**PROBLEM TO SOLVE:**
When you reach the line with "Demo/Test Reviewbild fuer Produkt 2868" in the data below, begin printing lines exactly, and stop once the line with "Dra Adriana Gato Implantes - foto 4" has been printed.

**AVAILABLE RECORDS:**
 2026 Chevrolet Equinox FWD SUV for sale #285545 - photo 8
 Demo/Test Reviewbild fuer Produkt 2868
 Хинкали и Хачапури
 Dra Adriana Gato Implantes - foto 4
==
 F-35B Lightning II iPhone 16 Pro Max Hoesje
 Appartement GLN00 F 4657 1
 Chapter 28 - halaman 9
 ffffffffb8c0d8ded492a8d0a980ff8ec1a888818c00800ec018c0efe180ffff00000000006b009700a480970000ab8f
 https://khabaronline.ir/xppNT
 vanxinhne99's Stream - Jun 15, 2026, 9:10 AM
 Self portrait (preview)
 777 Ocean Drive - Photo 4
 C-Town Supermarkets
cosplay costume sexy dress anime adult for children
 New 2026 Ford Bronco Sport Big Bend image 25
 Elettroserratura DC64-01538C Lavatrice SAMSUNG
* * *
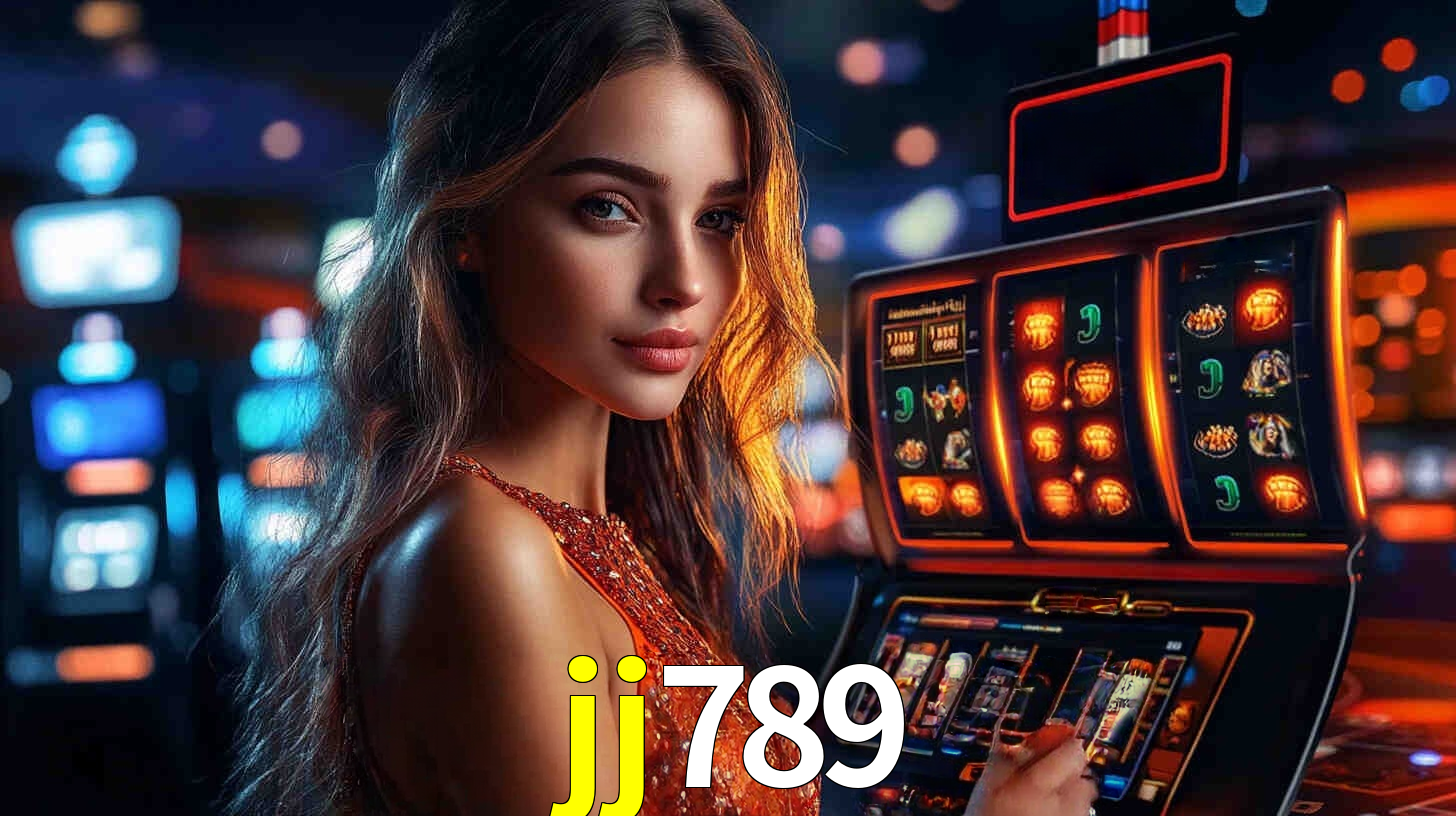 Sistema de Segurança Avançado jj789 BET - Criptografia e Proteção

**WRITTEN SOLUTION:**
 Demo/Test Reviewbild fuer Produkt 2868
 Хинкали и Хачапури
 Dra Adriana Gato Implantes - foto 4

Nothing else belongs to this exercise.